The sixth of seven children, Elizabeth McComb grew up in Cleveland in an African-American family that originally came from Mississippi. Her father, a factory worker, died when she was very young. Her mother was a preacher and the pastor of a Pentecostal church. Three of her sisters formed a vocal group called The Daughters of Zion that performed in local churches. Years later, they would sometimes accompany McComb during her concerts. McComb started singing at the early age of three.

McComb began with violin but decided to switch to the piano. While still young, she joined the Karamu House Theater school and then the cultural center's theater company.

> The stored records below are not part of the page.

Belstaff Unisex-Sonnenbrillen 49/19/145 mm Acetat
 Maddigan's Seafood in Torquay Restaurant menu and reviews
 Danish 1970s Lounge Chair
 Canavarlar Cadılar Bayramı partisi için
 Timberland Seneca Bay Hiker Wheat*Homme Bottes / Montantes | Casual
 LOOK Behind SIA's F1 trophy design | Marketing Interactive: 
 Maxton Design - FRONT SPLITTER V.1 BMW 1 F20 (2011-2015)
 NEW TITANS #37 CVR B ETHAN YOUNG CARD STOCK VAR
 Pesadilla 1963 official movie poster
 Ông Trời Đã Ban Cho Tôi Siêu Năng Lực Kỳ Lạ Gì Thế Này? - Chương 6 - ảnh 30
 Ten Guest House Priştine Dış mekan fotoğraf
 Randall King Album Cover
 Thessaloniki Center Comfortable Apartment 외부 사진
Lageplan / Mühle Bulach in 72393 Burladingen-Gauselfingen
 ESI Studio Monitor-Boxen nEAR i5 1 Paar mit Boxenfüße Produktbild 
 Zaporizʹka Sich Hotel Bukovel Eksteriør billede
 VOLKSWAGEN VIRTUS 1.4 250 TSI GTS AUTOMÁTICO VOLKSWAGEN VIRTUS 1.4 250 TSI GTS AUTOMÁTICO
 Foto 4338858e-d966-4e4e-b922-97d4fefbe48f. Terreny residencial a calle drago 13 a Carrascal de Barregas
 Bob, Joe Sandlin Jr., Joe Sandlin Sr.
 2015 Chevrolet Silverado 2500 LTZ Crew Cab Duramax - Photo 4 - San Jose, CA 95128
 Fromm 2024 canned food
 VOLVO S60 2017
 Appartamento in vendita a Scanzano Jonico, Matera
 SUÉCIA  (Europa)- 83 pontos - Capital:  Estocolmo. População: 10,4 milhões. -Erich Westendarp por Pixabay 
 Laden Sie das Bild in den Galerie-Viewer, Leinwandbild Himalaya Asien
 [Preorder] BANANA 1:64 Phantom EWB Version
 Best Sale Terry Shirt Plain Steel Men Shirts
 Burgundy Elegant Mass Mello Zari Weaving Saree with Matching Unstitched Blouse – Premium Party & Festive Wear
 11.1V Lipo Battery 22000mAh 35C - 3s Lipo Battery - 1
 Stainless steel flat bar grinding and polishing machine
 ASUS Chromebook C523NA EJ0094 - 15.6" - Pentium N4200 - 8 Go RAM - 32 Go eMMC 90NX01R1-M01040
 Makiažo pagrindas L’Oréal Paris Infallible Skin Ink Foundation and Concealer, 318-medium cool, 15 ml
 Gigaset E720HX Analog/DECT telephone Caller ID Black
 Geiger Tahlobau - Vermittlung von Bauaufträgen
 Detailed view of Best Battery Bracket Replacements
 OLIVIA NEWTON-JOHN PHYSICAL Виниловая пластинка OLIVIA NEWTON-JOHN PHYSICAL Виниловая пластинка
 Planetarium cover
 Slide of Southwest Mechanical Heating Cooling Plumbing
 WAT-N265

McComb went to New York and started auditioning for shows and musicals. With the support of her cousin, Annie Moss, she toured in Europe as part of the itinerant "Roots of Rock'n’Roll" show. She regularly performed in Europe, traveling back to the United States several times a year.

==Discography==
- Acoustic Woman, 1992, (Back to Blues/GVE) distribution EMI
- Rock my Soul, 1993, (Back to Blues/GVE) distribution EMI
- Live, 1994, (Back to Blues/GVE/licence Sony) distribution EMI
- Trilogy Coffret 3 CDs, (Back to Blues/GVE) épuisé
- Time is Now, 1996, (Back to Blues/GVE) distribution EMI
- Live à l'Olympia, 1998, (Back to Blues/GVE) distribution EMI
- Le Meilleur de Liz McComb, 1998, (Back to Blues/GVE/licence TF1 musique)
- The Spirit of New Orleans, 2001, (Back to Blues/GVE) distribution EMI
- L'Essentiel/FIRE, 2001, (Back to Blues/GVE) distribution EMI
- Soul, Peace & Love, 2007, (Back to Blues/GVE) distribution EMI
- The Sacred Concert, 19 Mai 2009, (GVE) distribution Naïve

==Videography==
- Saint-Augustin – (solo & duo) Paris
- Olympia – Paris – DVD distribution EMI
- Vienne Jazz Festival – 1999 and 2002
- Parc Floral Jazz Festival – Paris
- Eglise de La Madeleine – Paris 1995 and 1996
- Basilique Sainte-Clotilde – Paris
- Eglise des Invalides – Paris
- Eglise Saint-Sulpice 2002 – Paris
- Opéra de Lyon 1994
- Athènes (Acropole)
- Festival de Fes avec l'ARC gospel choir
- Vittoria Jazz festival
- Quai du Blues/Nouvel Obs Event – Paris
- Bethléem 24-12-99
- Music Mania with 3 pianos ensemble
- Palais des Sports de Paris, HD (feb 2007)
- Festival de Coutances, HD (May 2007)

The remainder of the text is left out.